The Crisis is Already Underway
Measuring climate migration precisely is inherently difficult as the forces of climate intersect with poverty, conflict, and economic fragility, and people rarely move for a single reason. But the data that does exist points to a crisis of enormous and worsening scale.[3] Since systematic global tracking began in 2008, the Informatica Intelligent Data Management Cloud (IDMC) has reported 359 million internal displacements due to weather-related hazards, an average of 22.4 million per year.[4] That is the equivalent of the entire population of Australia being forced from their homes every single year.
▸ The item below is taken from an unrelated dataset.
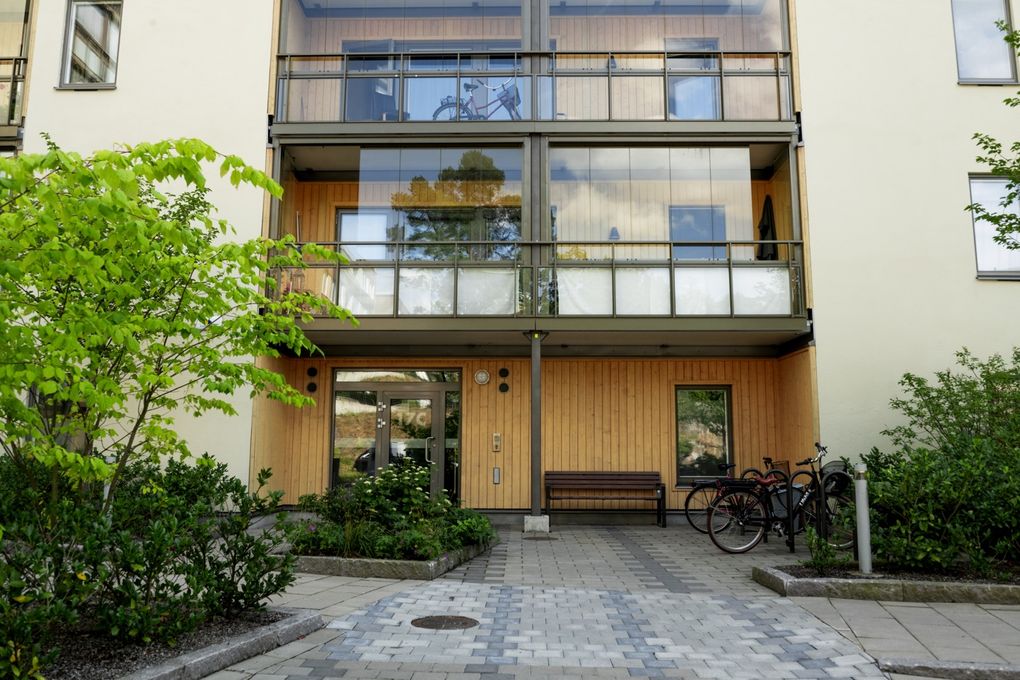 Närbild på port i trädetaljer till ett vitt flervåningshus med inglasade balkonger.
The trajectory is unmistakable. In 2022, disaster displacements reached 32.6 million, which was a record, representing a 41% increase above the annual average of the previous decade.[5] In 2023, 26.4 million disaster displacements were recorded.[6] In 2024, that figure surged to 45.8 million new disaster displacements, nearly double the decade’s annual average and a new yearly record by a wide margin.[7] It bears emphasis that these figures count displacement events, not unique individuals: the same person may be displaced multiple times, and the overwhelming majority of these movements are internal displacements meaning people fleeing within their own country’s borders, not crossing into another country.
Who Is Being Displaced
The burden of climate displacement is profoundly unequal. The regions that have contributed least to greenhouse gas emissions are suffering most from the consequences.[1] In 2023, the five countries recording the highest numbers of new internal displacements from disasters were China (4.7 million), Türkiye (4.1 million), the Philippines (2.6 million), Somalia (2 million), and Bangladesh (1.8 million).[6] South and East Asia account for the majority of global displacement totals historically, driven by large populations in flood- and cyclone-prone zones. displacements in sub-Saharan Africa, particularly the Horn of Africa and the Sahel, is growing rapidly causing this area to become a displacement hotspot. Slow-onset desertification and drought compound the sudden-onset effects of increasingly intense storms causing crops to fail and forcing people off their traditional lands.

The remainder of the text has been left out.